(TASK REQUIREMENTS):
Exactly the lines from the one holding "David Faitelson envía" through the last line of the listing below must appear in the answer, and no pictures.

(DATA BLOCK begins)

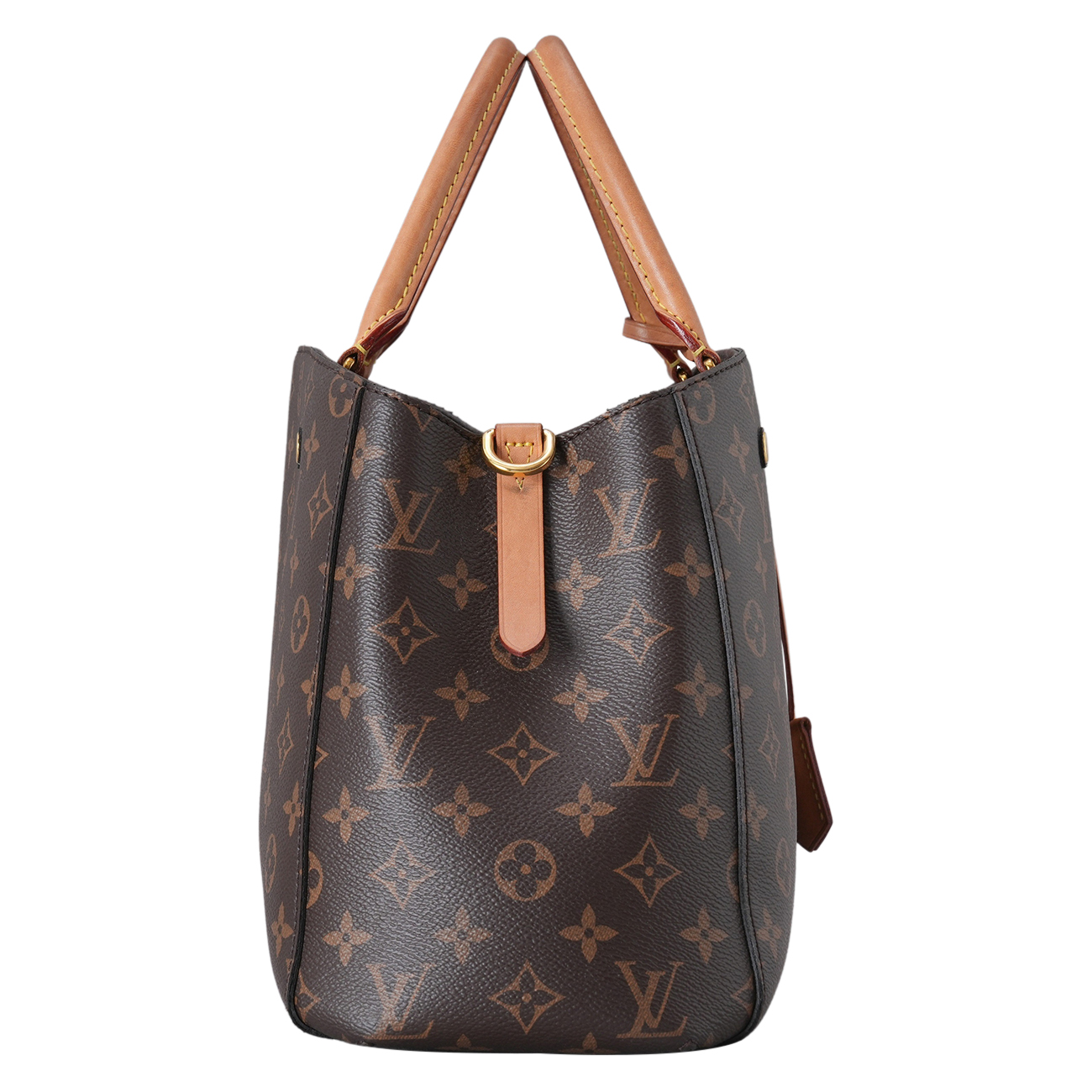 LOUIS VUITTON(USED)루이비통 M41056 모노그램 몽테뉴 MM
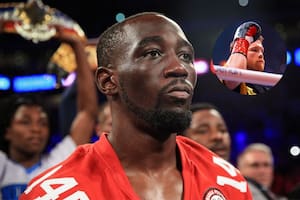 David Faitelson envía mensaje a Canelo Álvarez tras el retiro de Terence Crawford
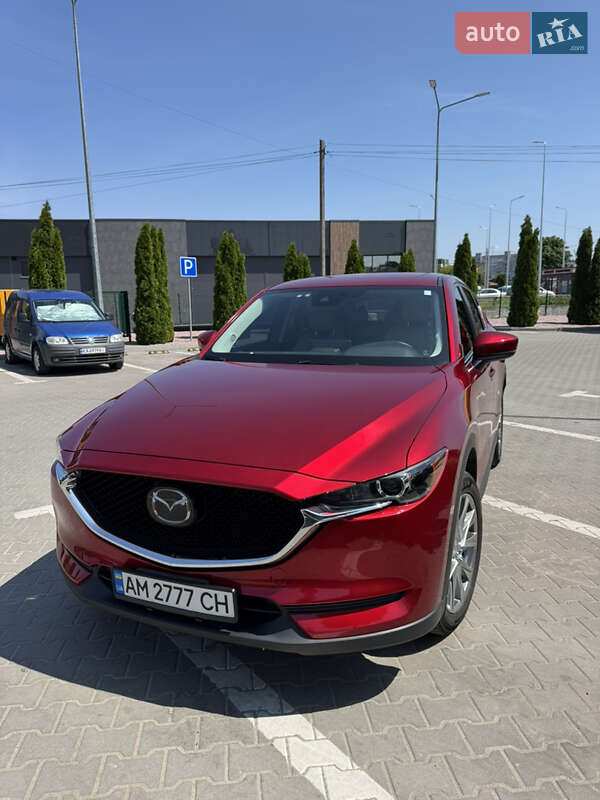 Mazda Cx-5 (2020)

(DATA BLOCK ends)

(WRITTEN RESPONSE):
 David Faitelson envía mensaje a Canelo Álvarez tras el retiro de Terence Crawford
 Mazda Cx-5 (2020)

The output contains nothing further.